Node Manager Property	Description	Reason Deprecated
CustomTrustKeyPass Phrase (Deprecated)	The password used to access the encrypted private key in the key file.	Using 1-way SSL, Node Manager does not need access to a trusted key store.
CustomTrustKeyStore FileName (Deprecated)	Specifies the file name of the Trust keystore (meaning the keystore that contains the trusted CA certificates for the Node Manager). This property is required when the Keystores property is set as CustomIdentityandCustomTrust.	Using 1-way SSL, Node Manager does not need access to a trusted key store.

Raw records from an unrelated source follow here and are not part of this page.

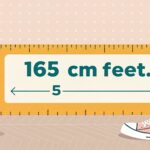 165cm to feet – Understanding the Measurement Conversion
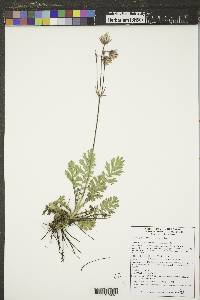 Geum triflorum image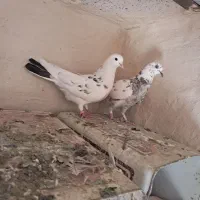 کفتر|پرنده|گلپایگان, |دیوار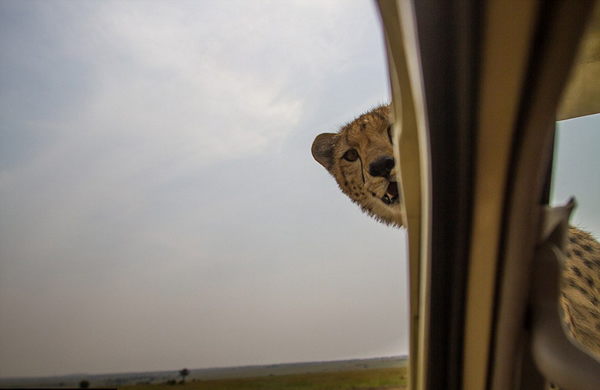 坦桑尼亚塞伦盖蒂平原自驾游 小猎豹跳上车盖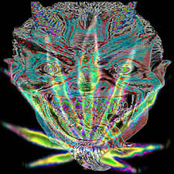 𝚎𝚕 𝚍𝚎𝚜𝚎𝚘 †𝚎 𝚌𝚘𝚗𝚜𝚞𝚖𝚎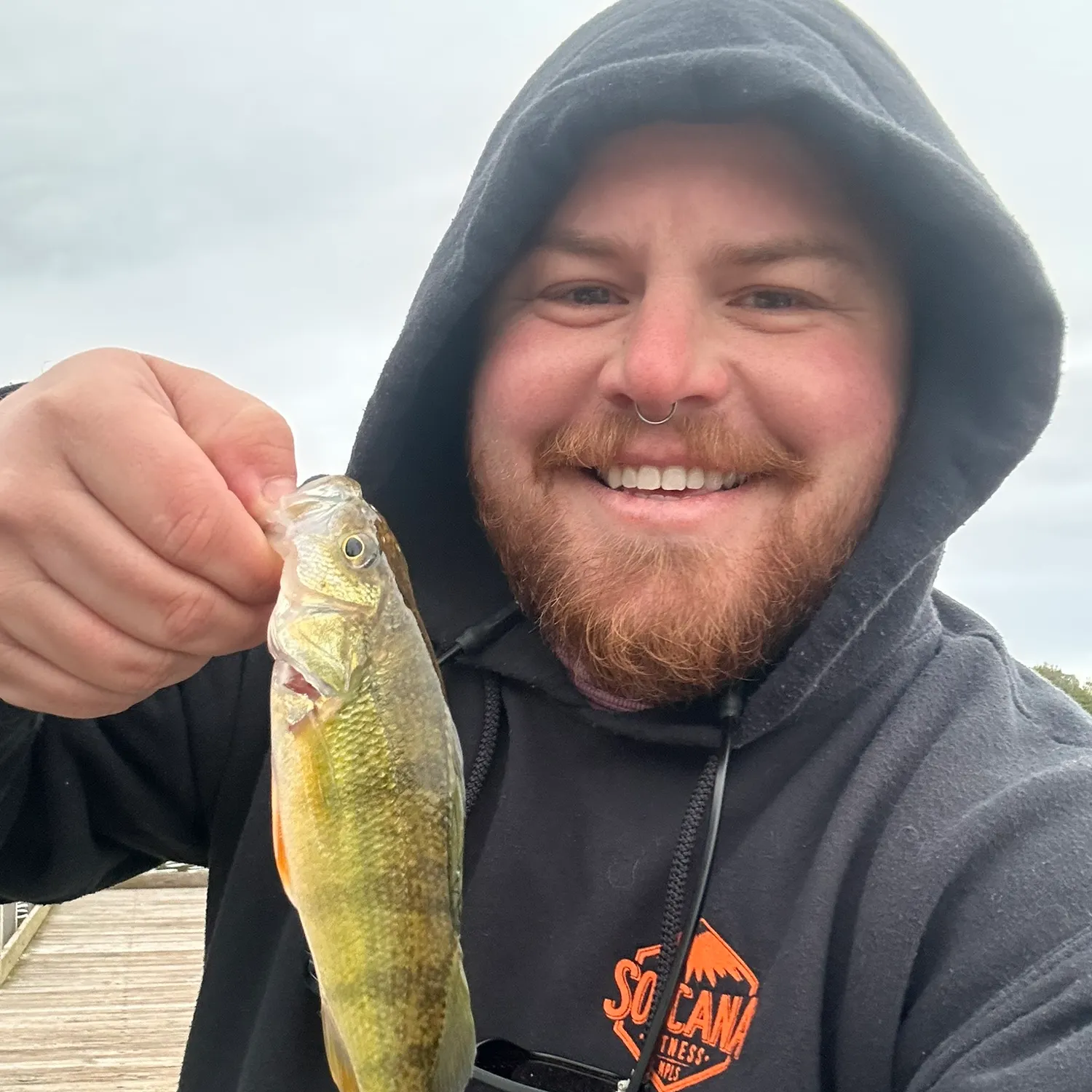 Yellow perch caught on Fishbrain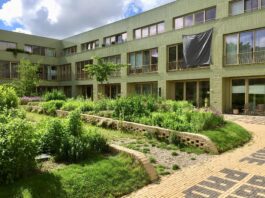 Festival Open Tuinen West ontsluit twee nieuwe verborgen paradijsjes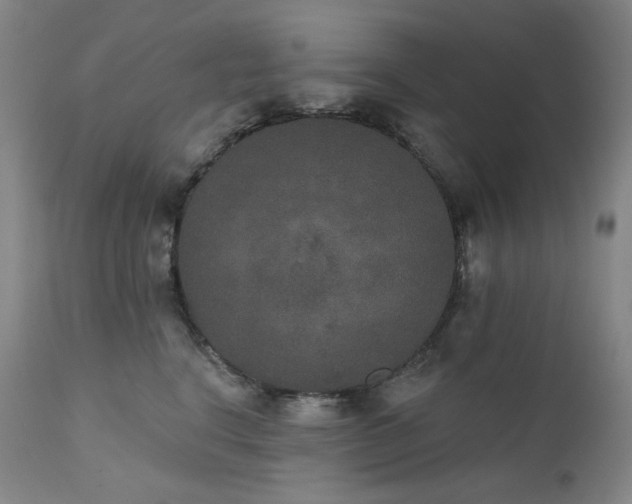 X0000111440664200907131307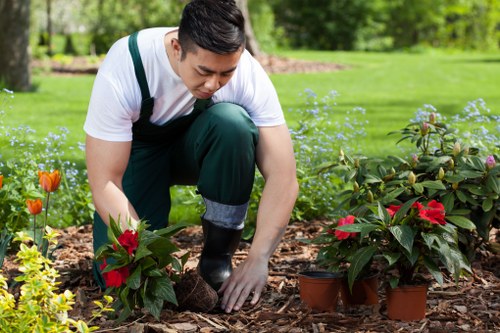 Professional gardener trimming a hedge in Putney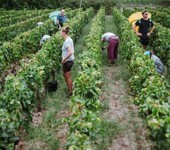 廣東招園林綠化工人月薪2萬左右包吃住正規(guī)合法周期短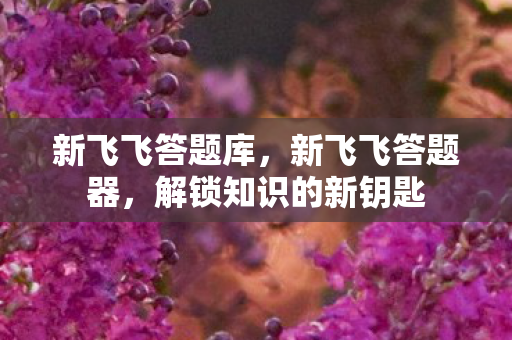 新飞飞答题库，新飞飞答题器，解锁知识的新钥匙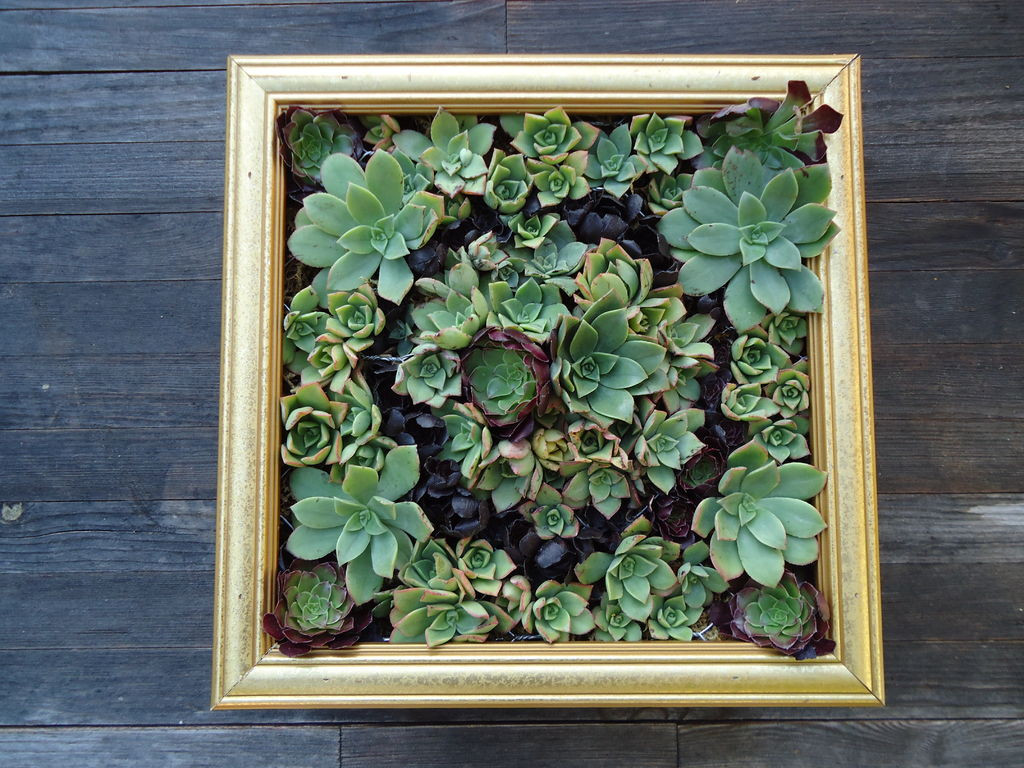Best ideas about Succulent Wall Art
. Save or Pin How To Create And Care For Your Stunning Succulent Now.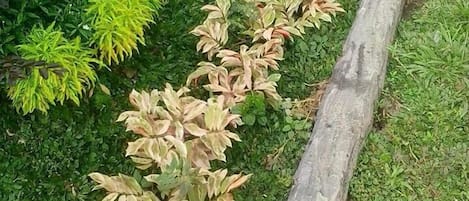Taman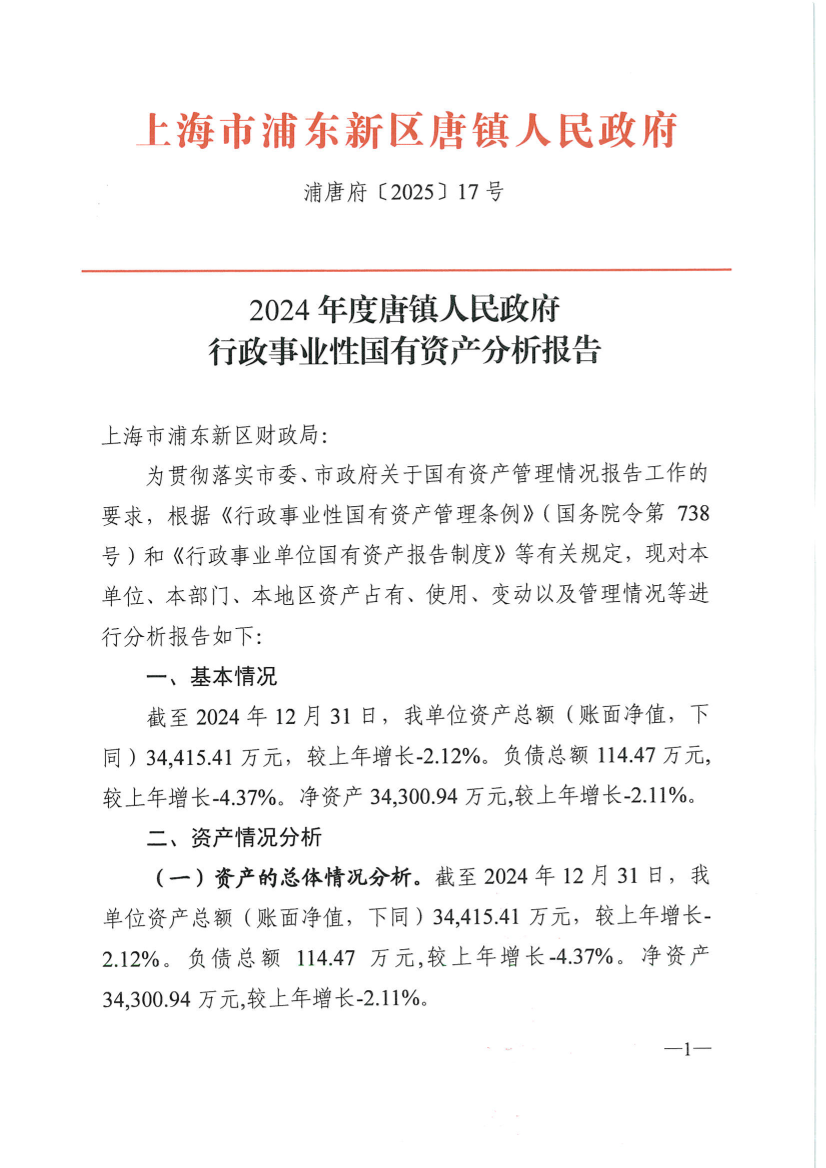 2024年度唐镇人民政府行政事业性国有资产分析报告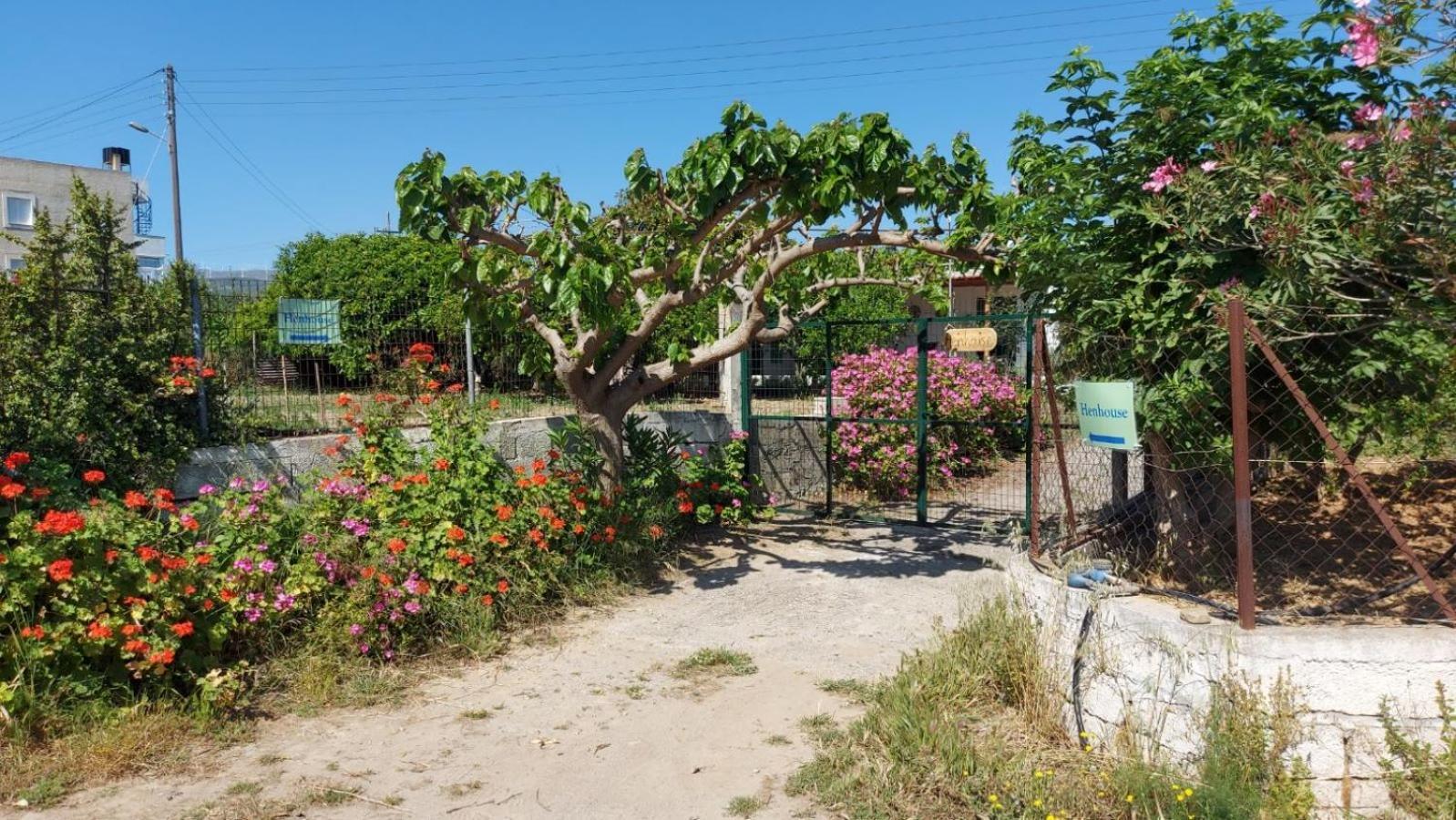 Agritourism Cottage Near Sitia Exteriör bild
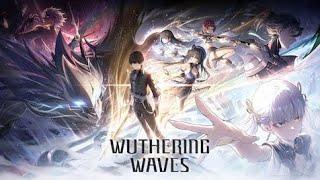 WISH HISTORY HOW TO CHECK WUTHERING WAVES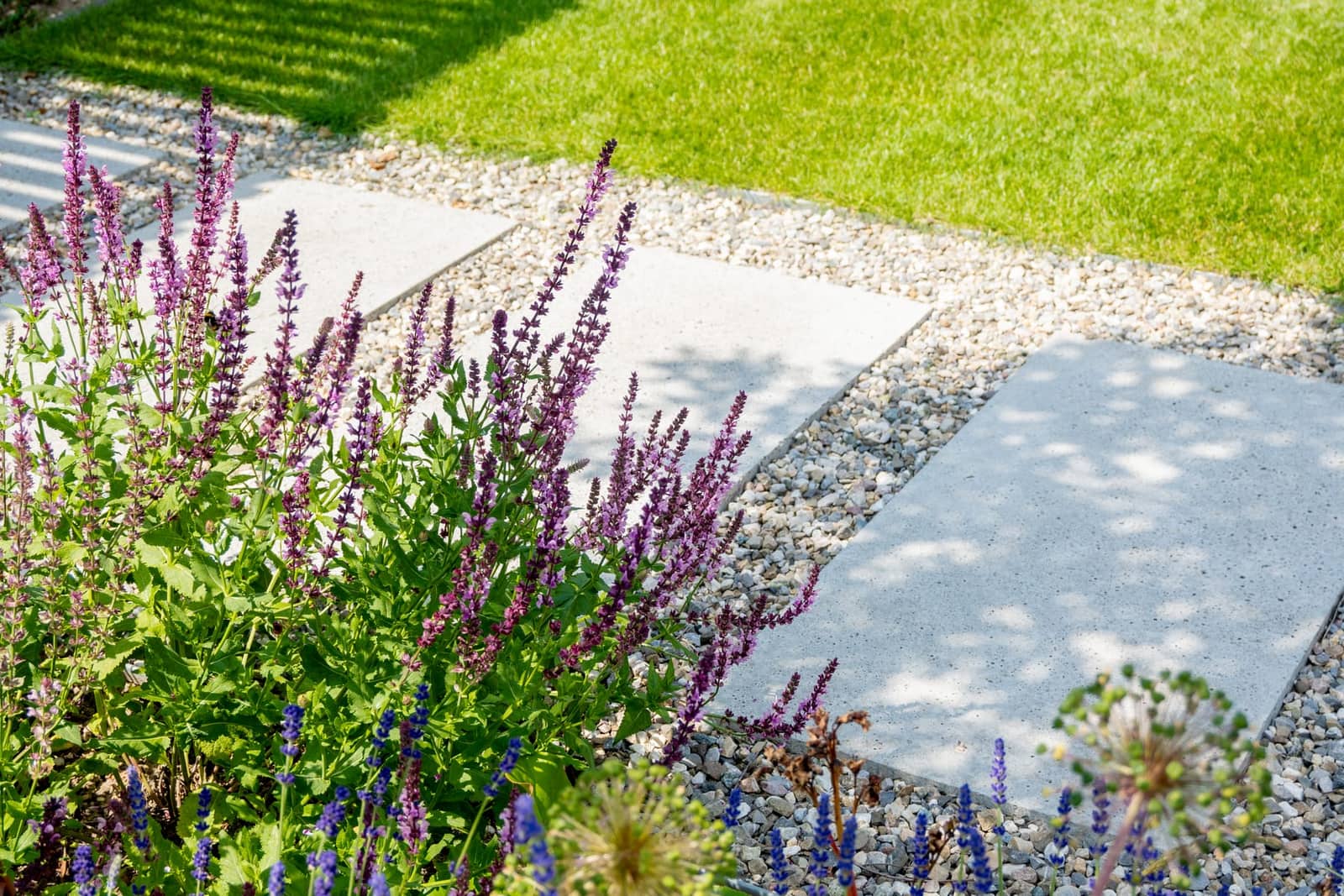 Aangelegde stadstuin in Nijmegen door Van Rijbroek Hoveniers — foto 6 van 11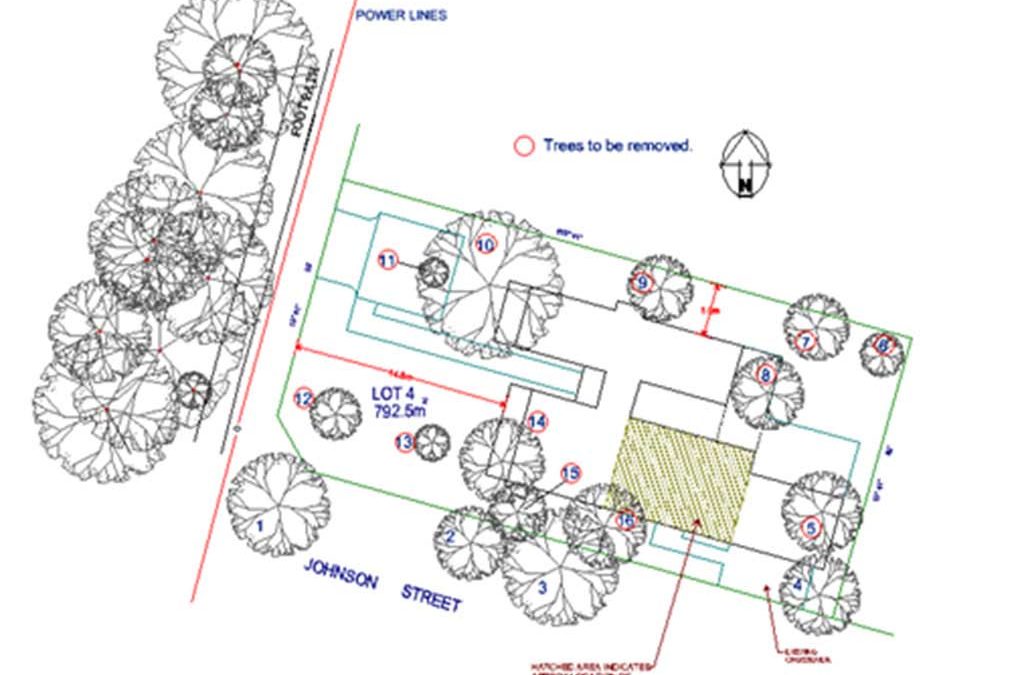 What is an Arboricultural Impact Assessment?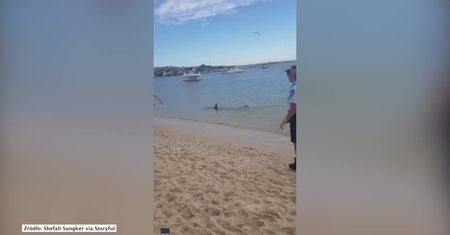 Rekin przepłynął tuż przy brzegu plaży na przedmieściach Sydney.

CustomTrustKeyStore PassPhrase (Deprecated)	Specifies the password defined when creating the Trust keystore. This field is optional or required depending on the type of keystore. All keystores require the passphrase in order to write to the keystore. However, some keystores do not require the passphrase to read from the keystore. WebLogic Server only reads from the keystore, so whether or not you define this property depends on the requirements of the keystore.	Using 1-way SSL, Node Manager does not need access to a trusted key store.
CustomTrustKeyStore Type (Deprecated)	Specifies the type of the Trust keystore. Generally, this is JKS. This property is optional.	Using 1-way SSL, Node Manager does not need access to a trusted key store.
JavaStandardTrustKey StorePassPhrase (Deprecated)	Specifies the password defined when creating the Trust keystore. This field is optional or required depending on the type of keystore. All keystores require the passphrase in order to write to the keystore. However, some keystores do not require the passphrase to read from the keystore. WebLogic Server only reads from the keystore, so whether or not you define this property depends on the requirements of the keystore.This property is required when the Keystores property is set as CustomIdentityandJavaStandardTrust or DemoIdentityAndDemoTrust.	Using 1-way SSL, Node Manager does not need access to a trusted key store.